Sometimes there’s a durable underlying problem that will just start the feedback loop going again after your reset, unless you head it off. Maybe you quit Facebook to kill the “I post on Facebook a lot, so I get notifications about responses a lot, so then I’m always on Facebook and end up posting a lot” loop. But you don’t fix the underlying problem with your executive function and your unmet social needs, so you just end up addicted to Tumblr instead.
Sometimes people just seem to have more of a tendency for negative feedback than positive feedback. When they fail at things they fail hard, but when they succeed they can’t build on it, so negative feedback loops last and become stronger whereas positive feedback loops falter quickly. (Many different small things probably contribute. Feeling more guilty about failures than happy about successes. Or letting tasks overrun and delaying new tasks when you’re slow, but not using the extra-time-created to start new tasks earlier when you finish faster. Or having resets like distractions kill your positive loops, but not interrupt your negative loops.)
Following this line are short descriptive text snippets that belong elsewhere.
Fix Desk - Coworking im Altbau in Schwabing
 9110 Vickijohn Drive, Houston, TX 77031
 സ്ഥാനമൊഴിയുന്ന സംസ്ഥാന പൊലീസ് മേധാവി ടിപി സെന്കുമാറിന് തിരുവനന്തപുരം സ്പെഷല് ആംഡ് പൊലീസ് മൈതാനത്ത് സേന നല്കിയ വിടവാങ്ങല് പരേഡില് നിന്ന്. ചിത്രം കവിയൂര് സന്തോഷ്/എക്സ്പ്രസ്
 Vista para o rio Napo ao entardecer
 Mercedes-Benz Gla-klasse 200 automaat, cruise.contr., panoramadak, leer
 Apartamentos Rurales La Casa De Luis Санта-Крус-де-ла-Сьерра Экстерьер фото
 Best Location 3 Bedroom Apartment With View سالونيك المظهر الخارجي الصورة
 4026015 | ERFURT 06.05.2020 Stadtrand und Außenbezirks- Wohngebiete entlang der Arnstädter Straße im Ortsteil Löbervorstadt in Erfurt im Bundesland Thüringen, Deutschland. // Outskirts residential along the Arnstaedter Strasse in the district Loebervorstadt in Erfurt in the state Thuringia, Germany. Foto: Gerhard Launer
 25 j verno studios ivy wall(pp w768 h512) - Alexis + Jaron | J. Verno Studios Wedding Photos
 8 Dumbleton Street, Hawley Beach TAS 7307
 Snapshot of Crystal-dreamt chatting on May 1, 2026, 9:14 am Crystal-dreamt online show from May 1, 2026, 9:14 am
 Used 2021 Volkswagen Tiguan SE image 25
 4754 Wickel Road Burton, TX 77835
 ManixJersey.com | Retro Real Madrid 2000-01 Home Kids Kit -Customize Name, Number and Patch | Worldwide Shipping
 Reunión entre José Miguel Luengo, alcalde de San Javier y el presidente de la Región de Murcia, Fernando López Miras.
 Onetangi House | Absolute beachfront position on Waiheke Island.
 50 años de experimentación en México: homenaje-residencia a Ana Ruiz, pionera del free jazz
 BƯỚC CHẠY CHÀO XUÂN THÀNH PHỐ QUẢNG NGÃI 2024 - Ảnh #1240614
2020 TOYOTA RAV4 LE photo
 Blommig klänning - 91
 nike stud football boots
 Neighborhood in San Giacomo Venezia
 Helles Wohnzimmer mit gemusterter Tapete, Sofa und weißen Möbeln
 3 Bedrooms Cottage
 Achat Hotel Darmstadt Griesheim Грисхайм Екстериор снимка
The most important thing I’ve found is to have a clear idea of what sustains your negative feedback loops. It’ll be lots of things, but there’s usually a major one - for me I think it’s that the more I procrastinate the more I want to procrastinate. (I game for a while, so I end up caring about my ranking in the game, so I want to game more. I spend time on tumblr, so the Discourse becomes salient, and my brain comes up with more Discoursey thoughts it wants to talk about. I get into stupid arguments, so I’m emotional about stupid arguments and want to spend all my time shouting at people. I do some conlanging, so conlanging is super available and I end up thinking about it rather than thinking about my work.)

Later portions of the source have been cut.